Succubus Heat, by Richelle Mead (Kensington, 2009)

It’s not easy being a succubus in love. Worse still to be a succubus still suffering from a painful breakup with the love of her life. With author Seth Mortenson out of her love life (and now dating one of her mortal coworkers), Georgina Kincaid has, to put it mildly, developed an attitude problem. After Georgina sleeps with her therapist for a quick energy fix, her demonic boss Jerome decides that it’s time for a scenery change. And off Georgina goes to Vancouver, Canada, to help another demon deal with an embarrassing case of Satanic cult in the area. Canada. Land of Tim Hortons.

Of course, things don’t go easily at all. The cultists may be idiots, but there’s a genuine supernatural entity manipulating them, and Georgina suspects it’s all part of demonic politics and jockeying for territory. Her fears are confirmed when Jerome vanishes, leaving Seattle without a demon-in-charge and the immortals under his control powerless. Just like that, Georgina loses her powers and succubus need for life energy, making her closer to human than she’s been in many centuries. While her vampire coworkers go off to try and get a tan, Georgina throws herself into finding Jerome and solving the mystery of his disappearance. But was it Cedric from Vancouver, or Janette from Portland, or some other demon that would benefit from a little local reorganization? And how does the Army of Darkness fit into the plan? To further complicate matters, Georgina and Seth are drawn back to one another, even though he’s dating Maddy and Georgina is sleeping with bad boy magician Dante. Can they resist temptation, or will Georgina’s newfound ability to get physical without sucking out life force be enough to justify rekindle the flames of passion?

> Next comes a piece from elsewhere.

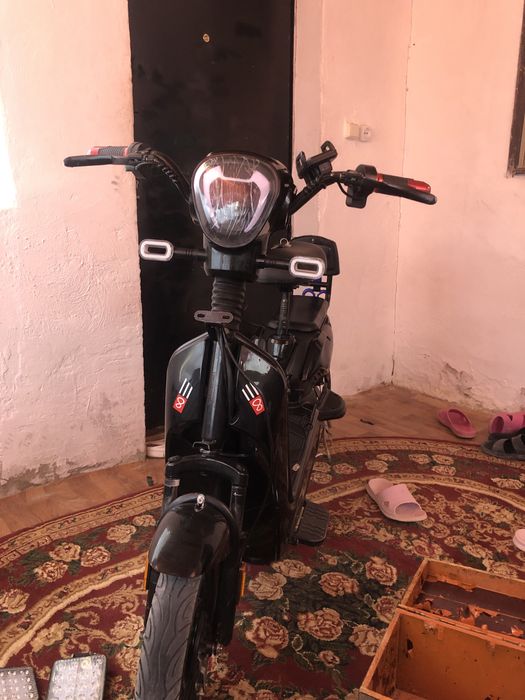 Скутер 100.000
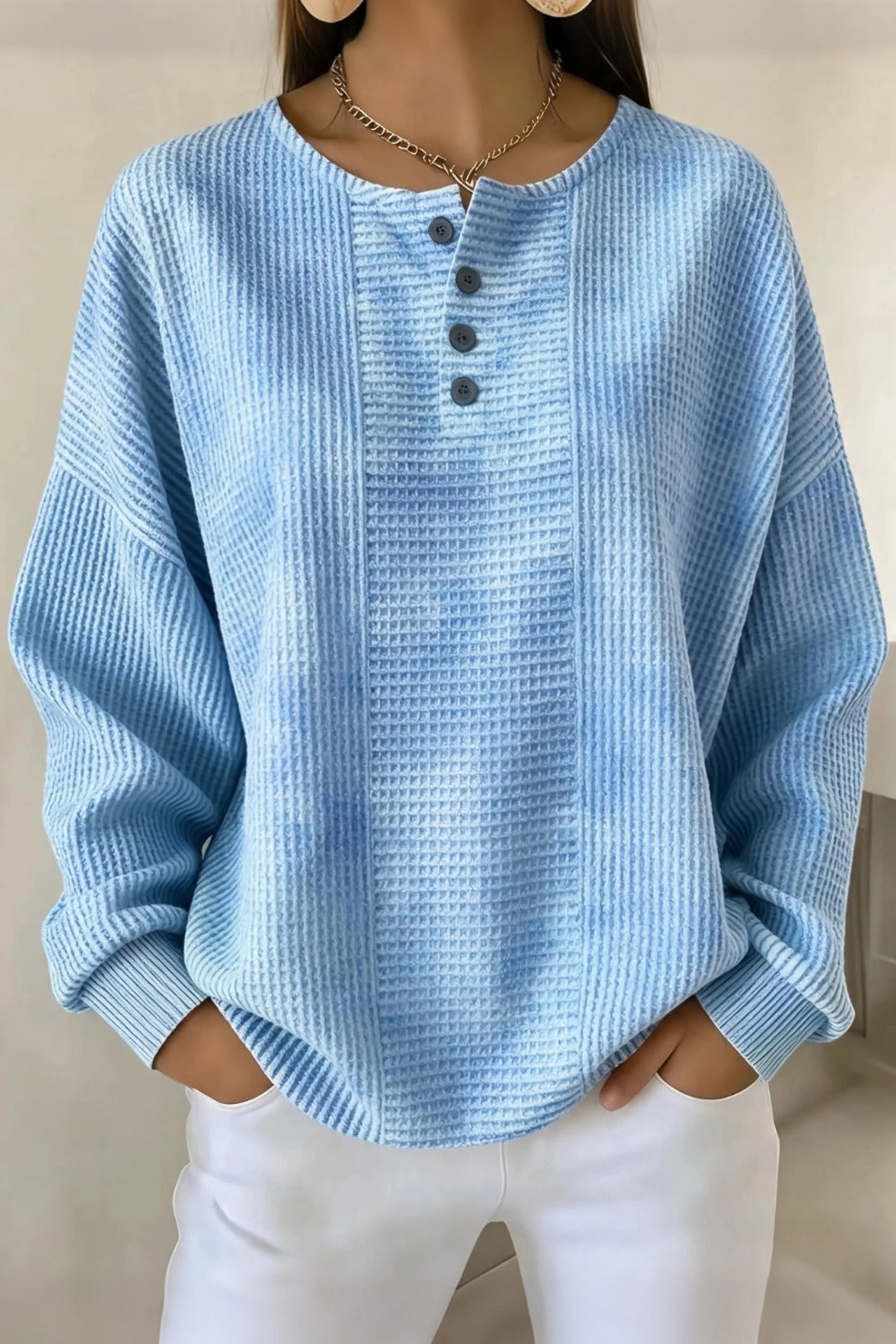 Woman wearing a casual striped waffle-knit sweatshirt with a relaxed fit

In Succubus Heat, we get to see our heroine at her most vulnerable, emotionally, physically, and supernaturally, but it doesn’t slow her down for long. Even bereft of her powers, she’s still following her nature, trying to do the right thing for her friends even though she’s technically a creature of evil. One thing you can say about Georgina: she’s predictable. Also loyal, stubborn, foolhardy and impulsive. You just know she’s going to make some dumb mistakes along the way, which is half the fun. And when the men in her life all manage to converge, it’s not just her dating life that’s going to take the hit.

It’s the little touches which continue to make this series fun, like Georgina’s mortal job as a bookstore manager, and her love for cats and salsa dancing. Or Jerome’s insistence on looking like John Cusack. Or the vampires who hit the beach when their nocturnal status is temporarily negated. Or the Army of Darkness and their lame Satanic-worshipping pranks. Or Tawny, the world’s worst succubus. Or Carter, the grunge-wearing angel who has a special interest in Georgina’s fate. Things like this really make the world memorable and entertaining.

There’s a genuine mystery underlying the plot here. That, coupled with adept characterization, some intensely hot sex scenes (what else do you expect when a succubus is involved), and wry humor, makes Succubus Heat as enjoyable as its predecessors in the series, and worth checking out. I’m still interested to see just where Richelle Mead plans to take things in books to come. I suspect it won’t be what any of us expect.